Christian Heilmann

You are currently browsing the Christian Heilmann blog archives for August, 2010.

Archive for August, 2010

Using HTML5 Storage to cache application interfaces

Thursday, August 26th, 2010

One of the things that gets me excited about the new features of browsers is the “HTML5” Web Storage module. I like it mostly because of its simplicity.

The Web Storage idea is to simplify storing of information for the user. I always hated using cookies because of all the domain issues. It was also a mess to check for them and then fall back to other things. Most of all people are paranoid about them and I know a lot of corporate computer users who have all cookies disabled.

Web Storage on the other hand is a simple object in the browser. You can set localStorage.foo to ‘bar’ and when you read out localStorage.foo next time you load the document it will be ‘bar’. That’s how easy it is. You can store 5MB of textual data which could be integers or strings. With JSON.stringify() you can easily store more complex information.

So I was wondering what you could use that for to get the most out of it and I realised that in a lot of cases I render simple HTML in PHP and then do some clever stuff in JavaScript to make it a different interface. If I wanted to retain the state of that interface I’d have to somehow store it in a DB so next time the user comes to the site, I re-render the last state of affairs.

With localStorage you could do that by simply caching the innerHTML of the main app (if you build it progressively):

You can check the source of the trick in this Gist on GitHub:

If you don’t get what I am doing here, check this quick screencast:

I’ll be using that a lot – it is terribly simple and yet powerful.

view-source will teach you things that are wrong

Monday, August 23rd, 2010

Lately I find more and more people in comments fighting for the need for “view-source” in our web products and claiming it to be a “vital part of the open web” and a “great way of learning for new developers”. This ails me as it is in my point of view a very outdated idea of learning and building web sites. I am not saying that view-source is not important – I am saying that there are better ways of learning and analysing code.

When view-source was king

Back in the days when I started working on the web you learned by looking at the source code of other peoples live web sites, copying and pasting what they’ve done and reverse engineering the workings to see how you can use or improve it. This is how I learnt JavaScript as there were no free blogs, tutorials or articles out there to tell me. The books available (basically the JavaScript Reference) dealt with the technologies themselves and not their application in a browser world.

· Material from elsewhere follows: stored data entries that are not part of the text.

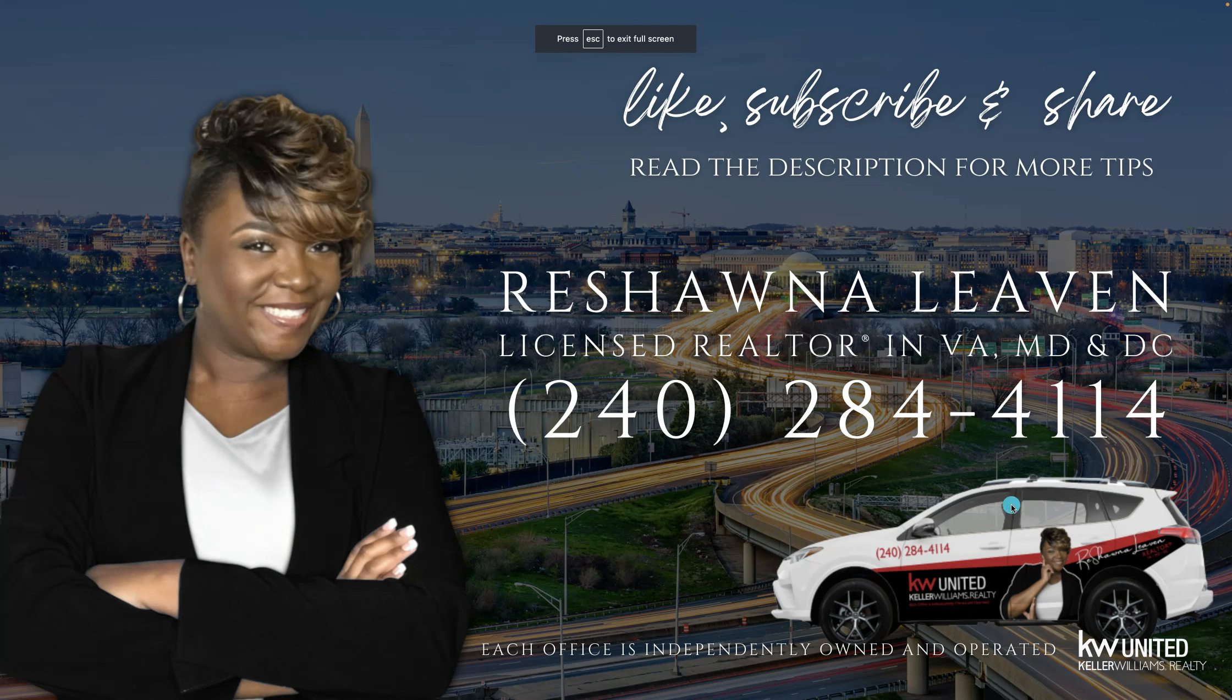Thank you so much for watching this video. Please like, subscribe, share, read the description for more tips. I welcome your reviews. I'm licensed in Virginia, Maryland, and DC. I hope this video helped you. Comment below if you've ever used a bulk fill feature and what you use it for in your business. Make it a great day.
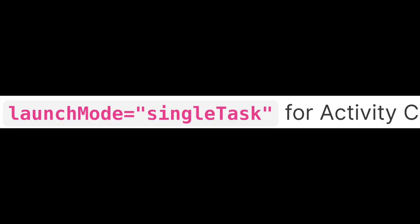Keep in mind we have added launchMode="singleTask" for activity C. After launching activity C from activity B, the state of the activity stack will become A > B > C. Here, activity C gets launched as usual.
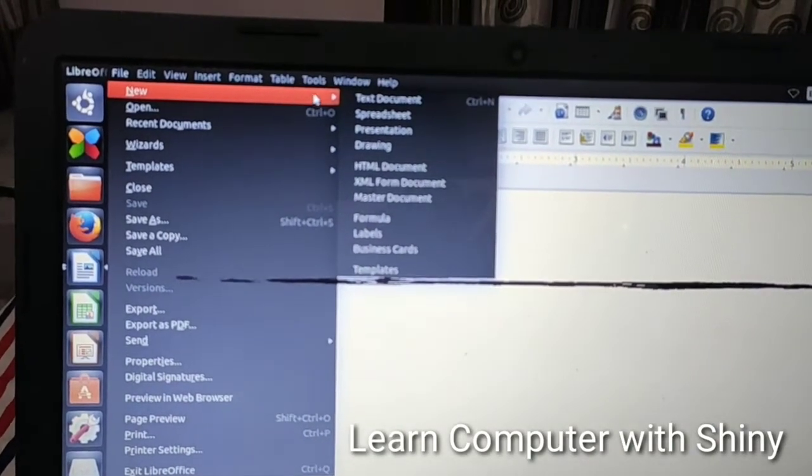Now we will learn how to save a file in LibreOffice Writer. To save the file, click on the File option from the menu bar, then click on Save. We want to save our file on the desktop, so click on Desktop. Then, in the file name field, erase 'Untitled 1' and write your own name, then click the Save button.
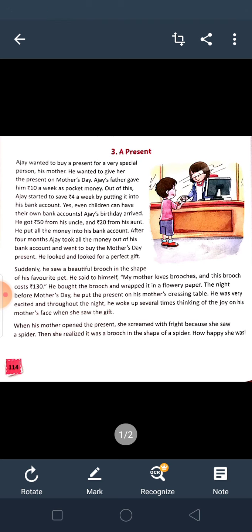The night before Mother's Day, he put the present on his mother's dressing table. He was very excited and throughout the night he woke up several times thinking of the joy on his mother's face when she saw the gift. Ajay woke several times because he wanted to see the joy on his mother's face when she would see the brooch.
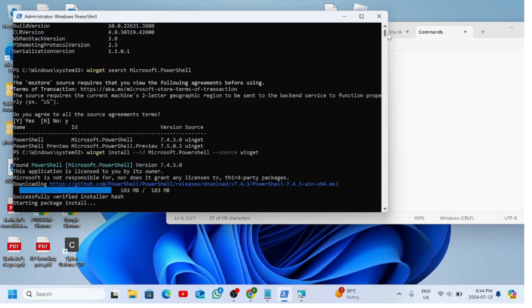Once the installation has been completed, restart your computer and then check your version number using the first command we used in PowerShell, and we should be good after that. Thank you, see you guys in the next video, bye for now.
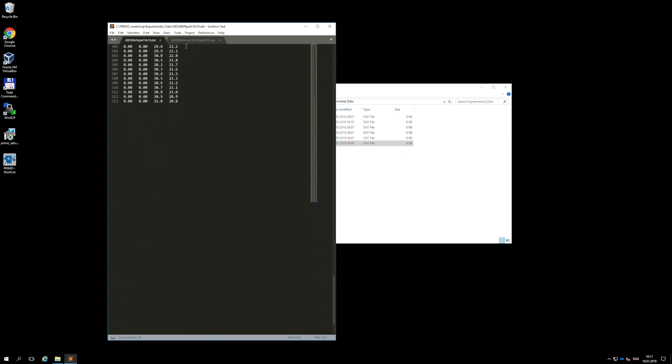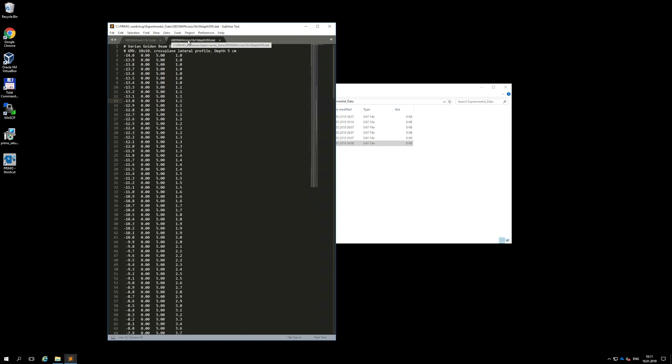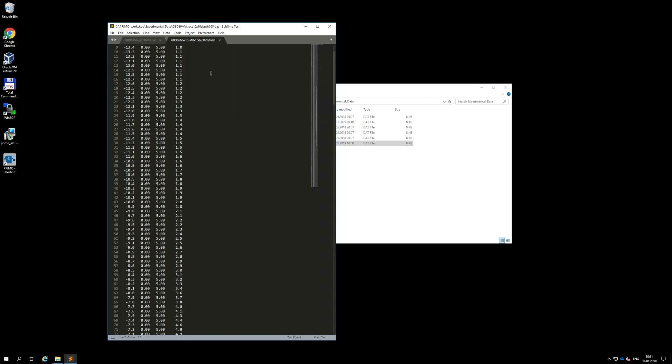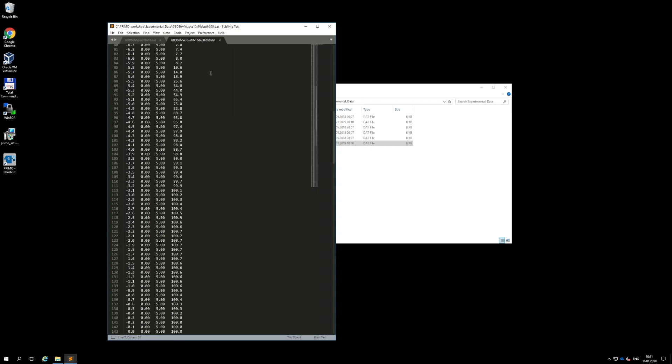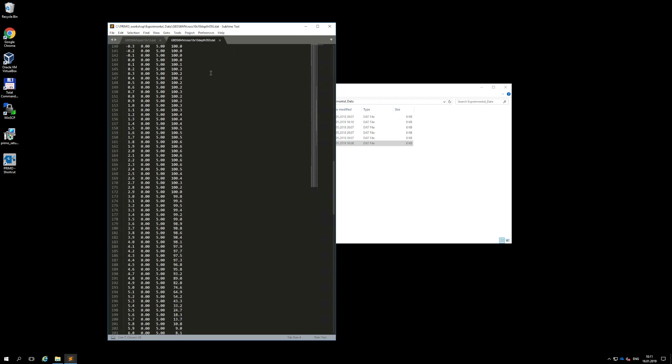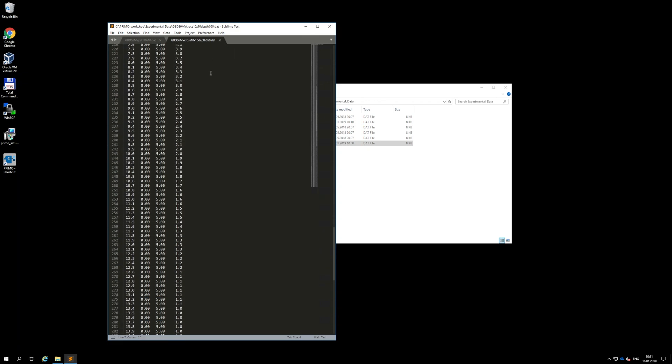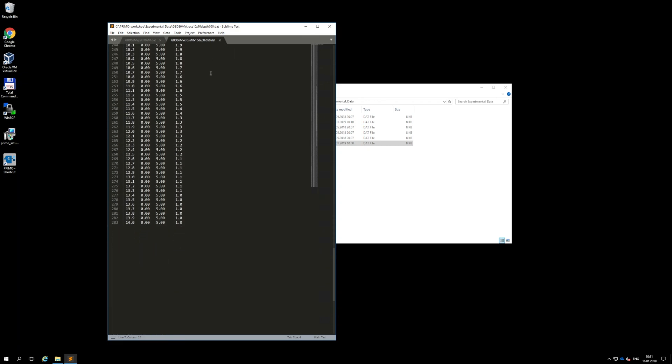A centered lateral profile taken along the x-axis looks like this, with x values varying from negative to positive numbers. The depth at which the lateral profile has been measured is given by the z coordinate, in this case 5 centimeters.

JavaScript for example was still considered a toy language in comparison to the mighty Perl or ASP or PHP or Java.

A few years before the web I learnt Assembly Language by analysing games on my C64 and trying to get endless lives. I did this by freezing the game, checking the part of the screen that changed when I lost a life (the counter) and then hunting through the memory to find the code that altered the counter on the screen (finding the DEC). I learnt how to cheat the system – not how to write Assembly Language. That came later when I had spent a few years reverse engineering.

That kind of commitment we don’t have time for if you want to learn web development.

View source gives you a view and not the source

Despite the time spent, the problem with looking at a web site with view source is that you don’t see the source, but you see a view:

  • If you build web sites with performance in mind and in high end environments you send browser-optimized views to different browsers. This means that learners would see what is optimised for Firefox and then try it out in Safari. Or worse, they see what we need to jump through to make old IEs behave and consider this the best way of developing.
  • Live code is normally minified and concatenated and has comments removed. So you learn the how but not the why. Some of the things you see might be terrible hacks but necessary for the environment used to build the web site.
  • Checking generated source is even worse. Browsers add browser-specific code that the original writer never added.
  • Live web sites are normally built by committee and have a lot of things in them the developer feels dirty about: tracking codes, third party ads with ridiculous code quality, quick hacks to get the thing out the door at the agreed time and date.
  • Most web sites these days are not written by hand – if you build for the web and you don’t use the power templating, CMS and databases and web services offer you are missing out on a lot of great opportunities. HTML is the end product of a methodology and a build process – not the start of it.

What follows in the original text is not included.